In totaal zijn we 19 uur onderweg naar de Malediven. De eerste 18 uur vallen best mee, maar dat laatste uur speedboot naar het eiland Meeru is akelig. De boot hotst en klotst over de oceaan, om misselijk van te worden.
Een mens vergeet dat natuurlijk snel eens je de pracht van het eiland ziet en de zon eindelijk nog eens op je bolletje voelt schijnen. Het lijkt wel of we in het paradijs aankomen. Turquoise water waarin je honderden vissen ziet zwemmen, van die tropisch gekleurde tot kleine haaitjes. Witte stranden en wuivende palmen. En
.. ik loop hier hand in hand met mijn eigen George Clooney. Kan een huwelijksreis nog romantischer?

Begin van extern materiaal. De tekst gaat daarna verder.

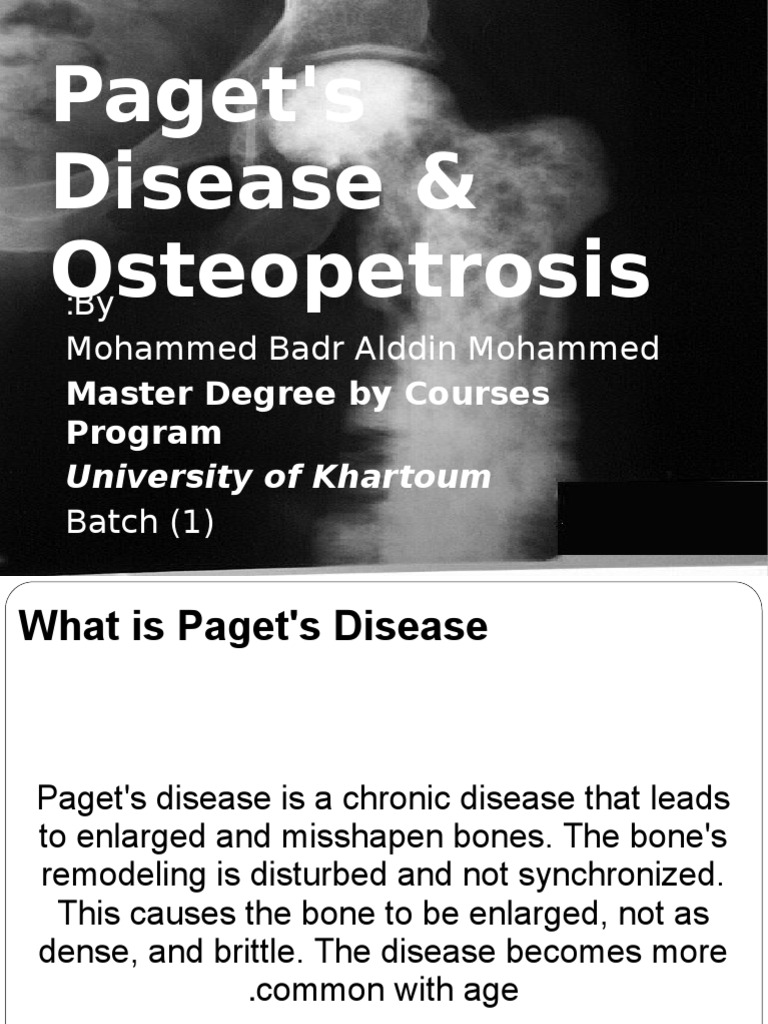 Paget's Disease & Osteopetrosis Assignment Download Free PDF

De ganse week zijn we lekker lui. Eten, drinken, wandelen, snorkelen, slapen, zonnen, massages, jacuzzi. Eindelijk kunnen we nog eens met zn tweetjes genieten van alles, eventjes weg uit dat drukke leven, waar we - ondanks onze goede voornemens - toch weer ingerold zijn. We realiseren ons hier nog maar eens dat we veel te weinig neen durven zeggen tegen sociale verplichtingen.
Ons huisje
Genieten van op ons terras
Let wel, we zijn niet alleen lui, we maken ook 2 uitstappen.

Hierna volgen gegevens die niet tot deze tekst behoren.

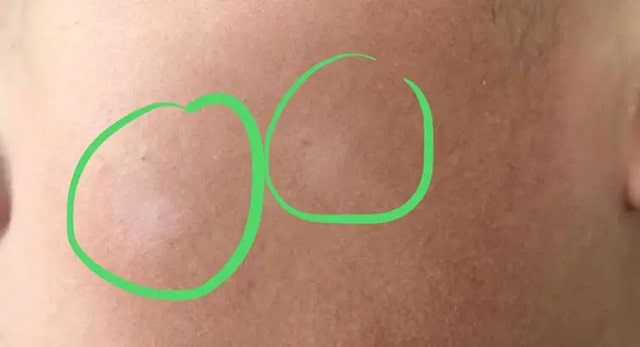 孩子脸上有白斑什么原因造成的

Een boottocht van 10 minuten brengt ons naar Difusshi, een vissersdorp waar de bewoners nog volgens de oude moslim gewoontes leven. Geen vrouw te zien op straat, het lijkt wel of hier alleen mannen wonen. Alle huisjes zijn piepklein en de openstaande deuren laten ons een glimp zien van de armoede van deze eilandbewoners. Een schril contrast met de luxe op het eiland waar wij verblijven. Ik voel me er niet goed bij, maar kan ik in mijn eentje de wereld veranderen? De pluche konijntjes en beertjes, wie we uit België meezeulden naar hier, maken iets goed. Blije gezichtjes van kinderen, het voelt altijd goed.
Onze tweede uitstap gaat naar Male, de hoofdstad van de Malediven. Alweer 1 uur heen en 1 uur terug met die speedboot over de schuimende koppen van de Indische oceaan. Indien ik eerlijk mag zijn, het loonde niet de moeite, we hadden ons de kriebels in onze maag kunnen bespraren.

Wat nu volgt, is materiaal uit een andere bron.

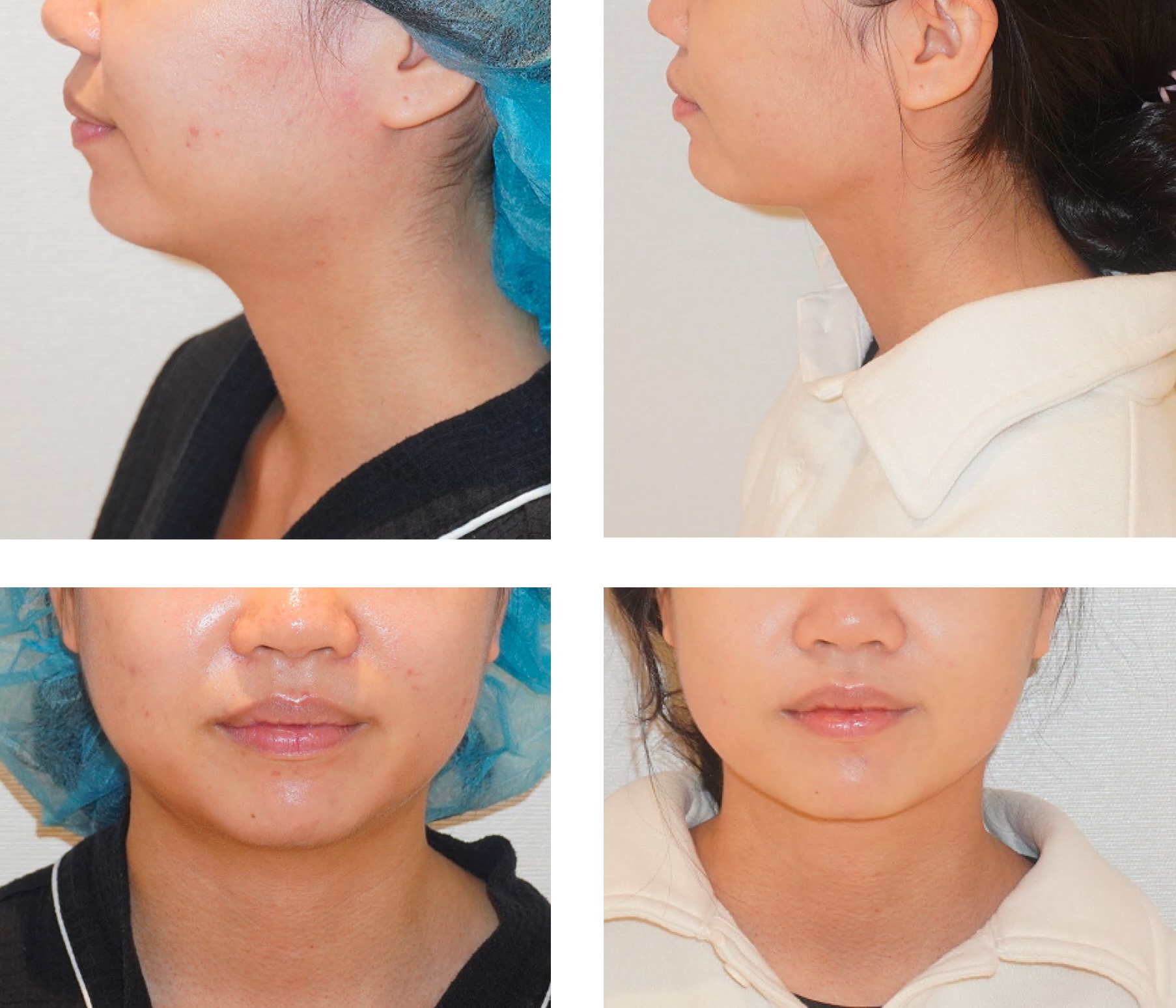 Side-by-side before and after photos of a woman's lower face and neck highlight noticeable skin and contour changes. The right images showcase impressive Chin Liposuction results following the cosmetic procedure.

Male is een stad met 70.000 inwoners. Het is een wirwar van kleine steegjes, vol stinkende brommertjes en vuil, vuil, niet te doen. Het enige interessante gebouw is de Al-Sultan-Mohammed-Thakuru-faanu-moskee. We zijn voorbereid op de dresscode, mijn knieën en schouders zijn bedekt. Camille draagt een bermuda met polo, de mannen mogen iets meer laten zien bij de moslims. En toch staat er aan de ingang zo een fanatiekeling die vindt dat we toch te veel laten zien en we krijgen allebei zo een doek rond onze heupen gehangen waar ik me telkens vies in maak. Hoeveel vuile, bezwete lichamen hebben hier al onder gezeten?
Zijn we niet mooi?
De gids, een fundamentalist eerste klas, wil ons daarna zo snel mogelijk naar de souvenirwinkels brengen, waar hij uiteraard zijn percent krijgt. Wat moeten wij met een blaaspijp die we niet in onze valies krijgen of met onderleggertjes uit echte koraal die in vloekende kleuren werden geschilderd of met een t-shirt met Maldives op? Ons niet gezien, dan gaan we nog liever een uur staan wachten op onze boot, in de haven zien we tenminste nog prachtige vissen zwemmen.
Ons weekje is zo om, veel te kort eigenlijk, maar we hebben ervan genoten, elk uur, elke minuut, elke seconde. We hebben een pracht van een huwelijksreis gehad, een romantische herinnering voor de rest van ons leven.